**ASSIGNMENT:** Pull out of the data below the stretch of lines bounded by the one containing "Tapa de The" and the one containing "Mashup Campur Trend Jil.1", both bounds included, unchanged.

Top of MATERIAL SHOWN

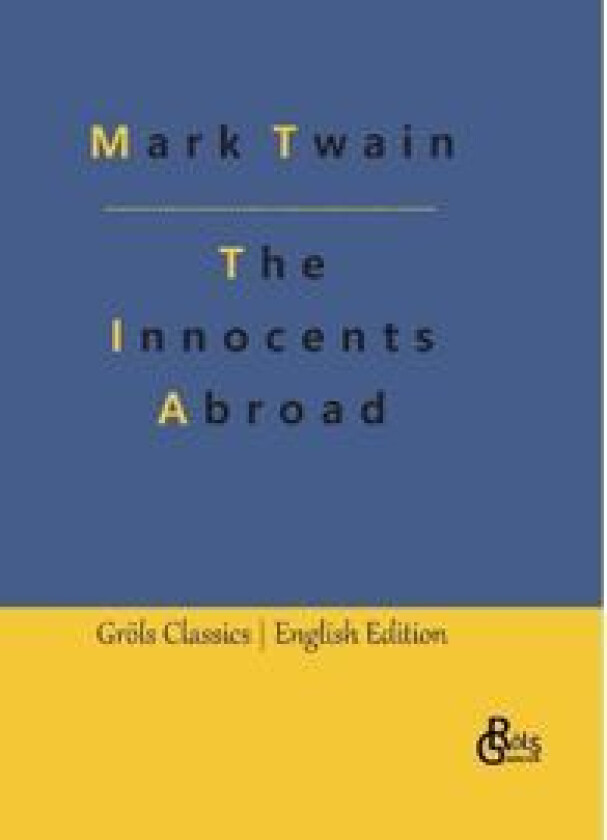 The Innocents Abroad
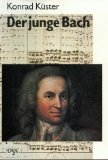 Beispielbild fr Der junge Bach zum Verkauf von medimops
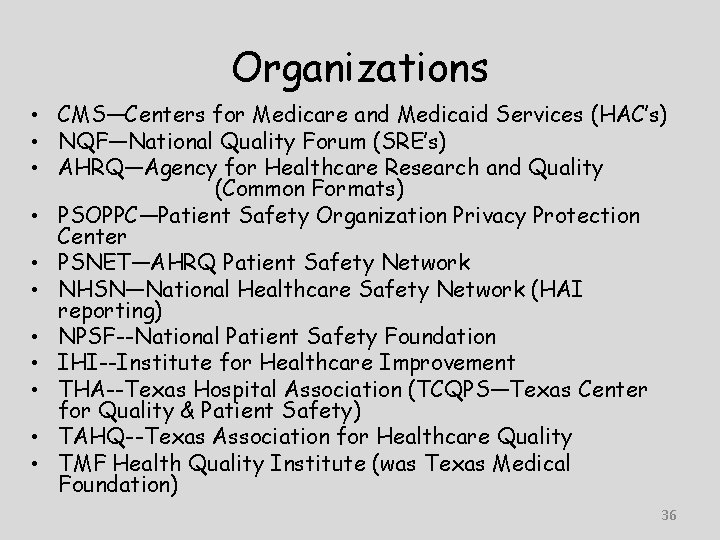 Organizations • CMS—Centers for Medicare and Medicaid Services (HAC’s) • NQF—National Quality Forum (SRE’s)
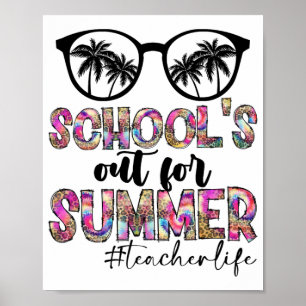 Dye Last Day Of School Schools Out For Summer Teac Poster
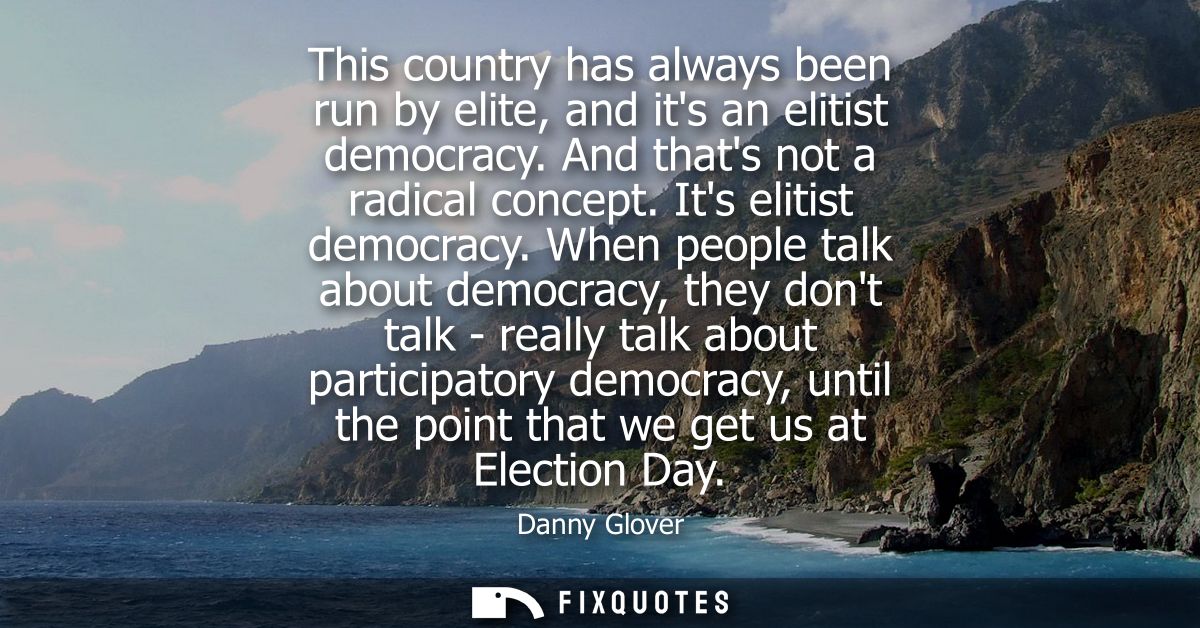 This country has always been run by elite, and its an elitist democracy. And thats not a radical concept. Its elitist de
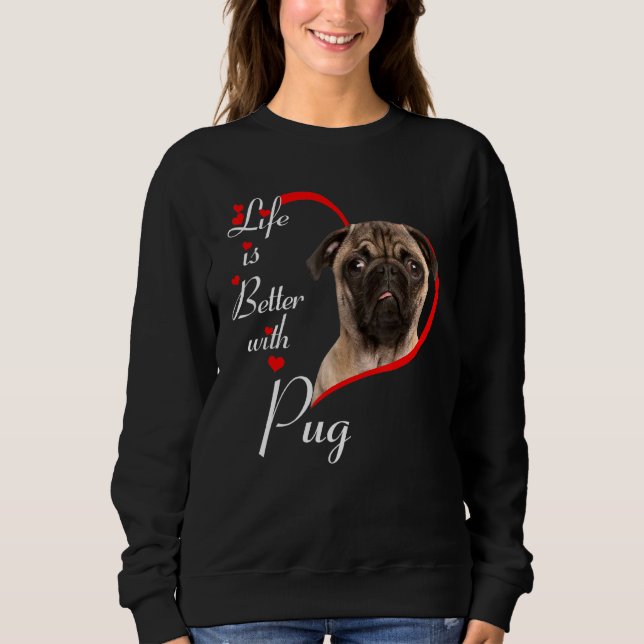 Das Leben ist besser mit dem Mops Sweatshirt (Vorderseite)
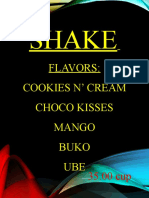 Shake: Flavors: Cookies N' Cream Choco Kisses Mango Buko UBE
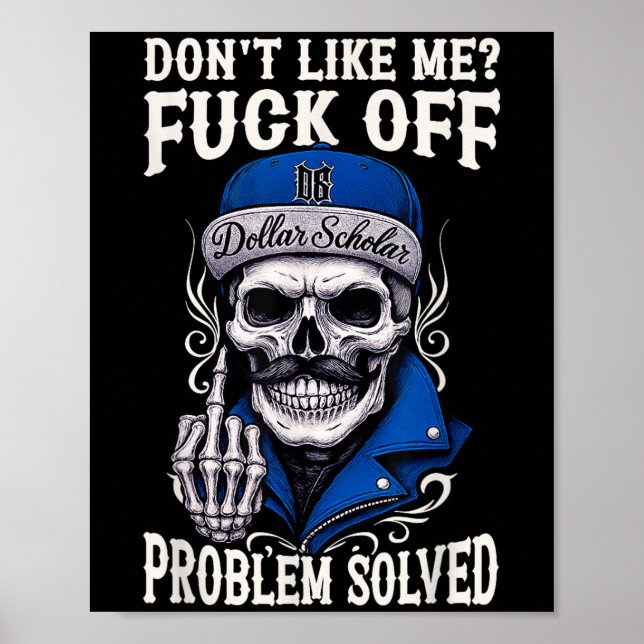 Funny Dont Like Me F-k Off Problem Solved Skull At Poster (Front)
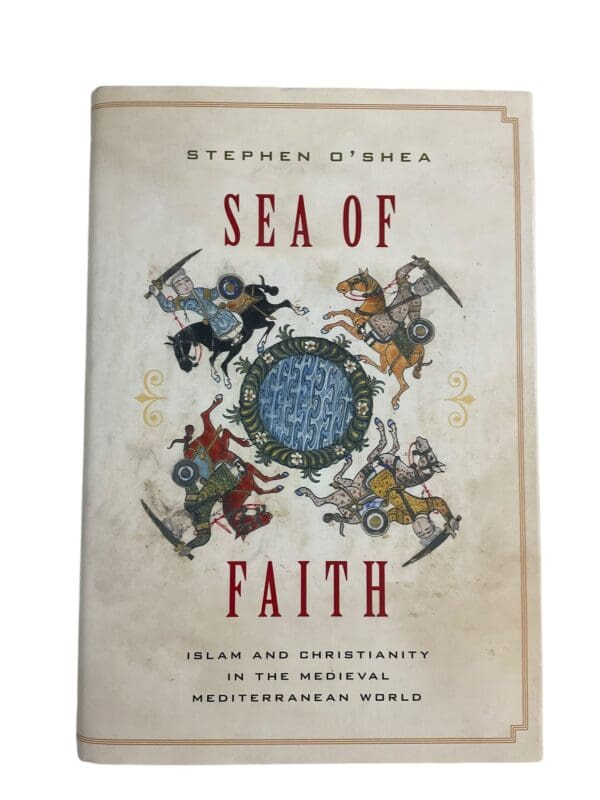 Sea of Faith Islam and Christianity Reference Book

Bottom of MATERIAL SHOWN
Top of MATERIAL SHOWN

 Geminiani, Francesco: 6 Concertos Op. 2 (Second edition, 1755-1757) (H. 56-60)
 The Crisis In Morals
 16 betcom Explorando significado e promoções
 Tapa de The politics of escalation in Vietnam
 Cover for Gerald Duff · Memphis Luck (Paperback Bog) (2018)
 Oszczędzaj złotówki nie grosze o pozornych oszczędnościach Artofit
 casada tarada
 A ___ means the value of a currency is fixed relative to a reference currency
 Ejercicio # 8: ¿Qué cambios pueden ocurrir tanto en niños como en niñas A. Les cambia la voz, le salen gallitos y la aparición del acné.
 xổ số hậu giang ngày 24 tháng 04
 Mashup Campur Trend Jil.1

Bottom of MATERIAL SHOWN

**SOLUTION TO THIS PROBLEM:**
 Tapa de The politics of escalation in Vietnam
 Cover for Gerald Duff · Memphis Luck (Paperback Bog) (2018)
 Oszczędzaj złotówki nie grosze o pozornych oszczędnościach Artofit
 casada tarada
 A ___ means the value of a currency is fixed relative to a reference currency
 Ejercicio # 8: ¿Qué cambios pueden ocurrir tanto en niños como en niñas A. Les cambia la voz, le salen gallitos y la aparición del acné.
 xổ số hậu giang ngày 24 tháng 04
 Mashup Campur Trend Jil.1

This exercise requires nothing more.